Close encounters: Facing the Bomb in a New Nuclear Age
Academic
September 19, 2024, 4:30 PM EDT

‘Close Encounters: Facing the Bomb in a New Nuclear Age’

The School of Public and International Affairs, invites you to the Bruce Blair Memorial Lecture 2024 and the opening of a special exhibition at the Bernstein Gallery, featuring “the bomb,” an immersive film, music and art installation created by Eric Schlosser and Smriti Keshari. The lecture and the exhibition are part of a series of events celebrating the program on Science and Global Security’s (SGS) 50th year.

Registration is required for the opening night event, which will feature a discussion hosted by SGS co-chair Zia Mian between panelists:

  • Annie Jacobsen ’89 is the author of “Nuclear War: A Scenario,” a Pulitzer Prize finalist.
  • Smriti Keshari is a filmmaker and artist-in-residence at Pioneer Works in New York and the National Theatre in London.
  • Eric Schlosser ’81 is the author of “Command and Control: Nuclear Weapons, the Damascus Accident, and the Illusion of Safety,” a Pulitzer Prize finalist.

The special exhibition runs Sept. 19 - Oct. 25.

Marking the first stop of a national university tour of “the bomb," the Bernstein Gallery exhibition uses 45 screens to immerse viewers in the story of nuclear weapons, from the first nuclear test and subsequent use against Japan by the United States in 1945, to today’s arms race. Inspired by nuclear weapon command-and-control centers, the bomb’s design evokes the inherent impossibility of ever fully controlling these machines.

The exhibition also includes two short films produced by and for SGS:

“Plan A” is a simulation of escalating war between the United States and Russia. Using realistic nuclear force postures, war plans, targets, and fatality estimates based on data sets of nuclear weapons currently deployed and weapon yields, the work shows the evolution of the nuclear conflict from tactical to strategic to city-destruction phases.

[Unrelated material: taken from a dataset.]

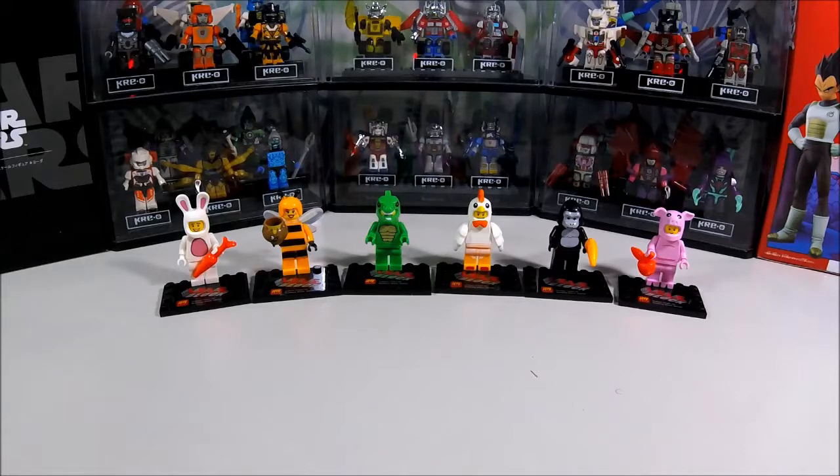Don't buy these for your kids. If you want to play with it, make sure you're an adult. Don't try to save money by buying these — just buy a real Lego. Anyway, I hope you guys liked this video. Again, please do not collect these — they are fake. Buy real Legos instead. If you liked this video, give it a thumbs up, subscribe to my channel, and I'll see you guys next time.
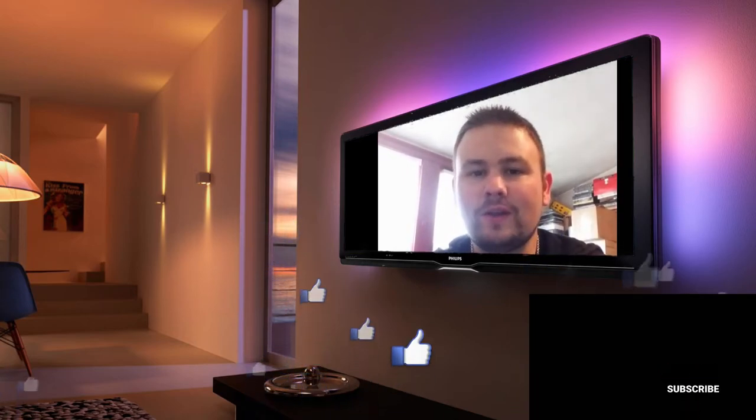Hey guys, I wanted to stop and take a very quick break and ask if you guys could hit that like button on this video and also subscribe to my channel. That would mean a lot to me. It is very hard to grow these days, and if you could do that, that would mean so much to me. I really do appreciate it.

“We Must Speak Boldly” is a reflection on current nuclear dangers and a call from scientists for more education and collective action to help address them. It was produced by the Physicists Coalition for Nuclear Threat Reduction, which was founded at SGS in 2019 and works for fulfillment of the long-standing international obligation to achieve nuclear disarmament.